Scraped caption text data

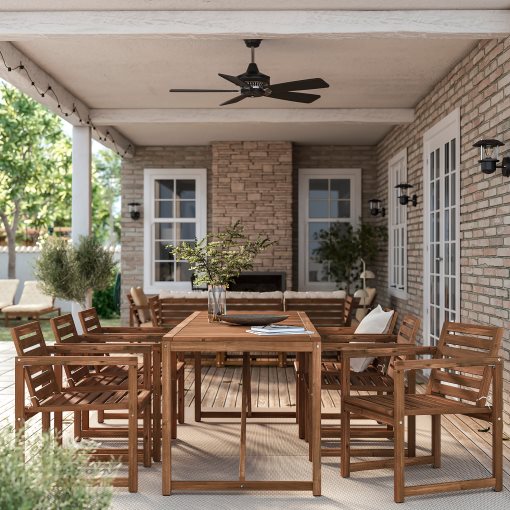 NÄMMARÖ, τραπέζι με 6 καρέκλες με μπράτσα εξωτερικού χώρου, 200 cm, 795.443.86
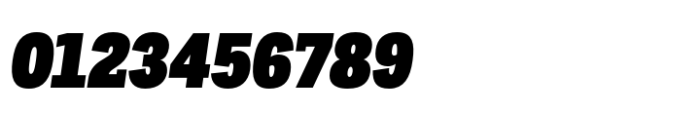 Palo Slab Condensed Black Oblique Font OTHER CHARS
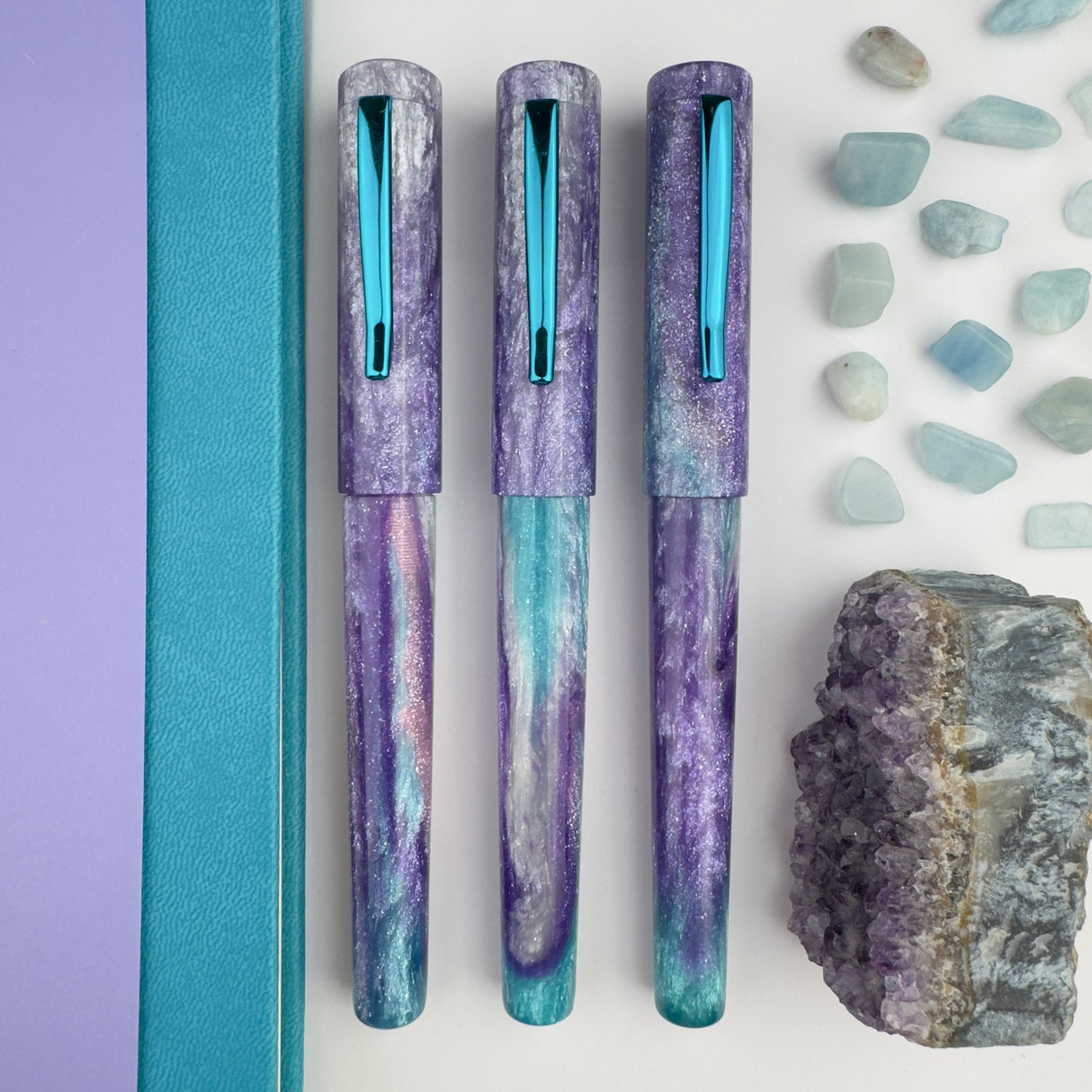 Hinze Pen Company Fountain Pen - Majestic Mermaid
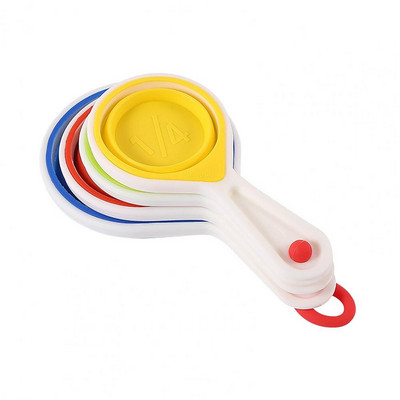 Prijenosni set mjernih žlica od 4 komada, praktičan i dobar prihvat Lagana sklopiva mjerna žlica Lako skladištenje Pribor za pečenje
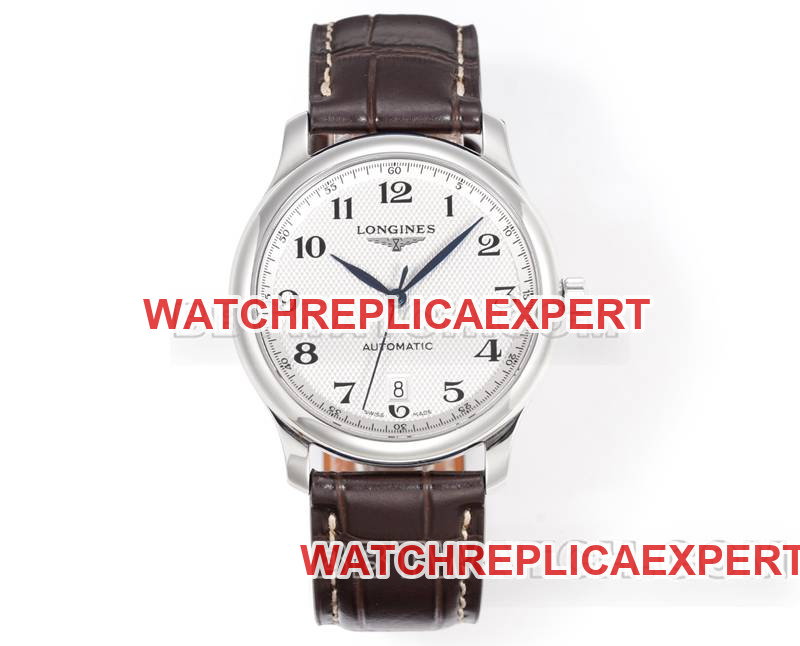 Longines best Collectwatch XC factory famous craftsman silver white dialL888 mechanical movementleather strap model front live photo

### Exercise prompt
Retype the entries above exactly, starting at their first line and ending with the line that holds "Prijenosni set mjernih"; pictures stay out.

### Written answer
 NÄMMARÖ, τραπέζι με 6 καρέκλες με μπράτσα εξωτερικού χώρου, 200 cm, 795.443.86
 Palo Slab Condensed Black Oblique Font OTHER CHARS
 Hinze Pen Company Fountain Pen - Majestic Mermaid
 Prijenosni set mjernih žlica od 4 komada, praktičan i dobar prihvat Lagana sklopiva mjerna žlica Lako skladištenje Pribor za pečenje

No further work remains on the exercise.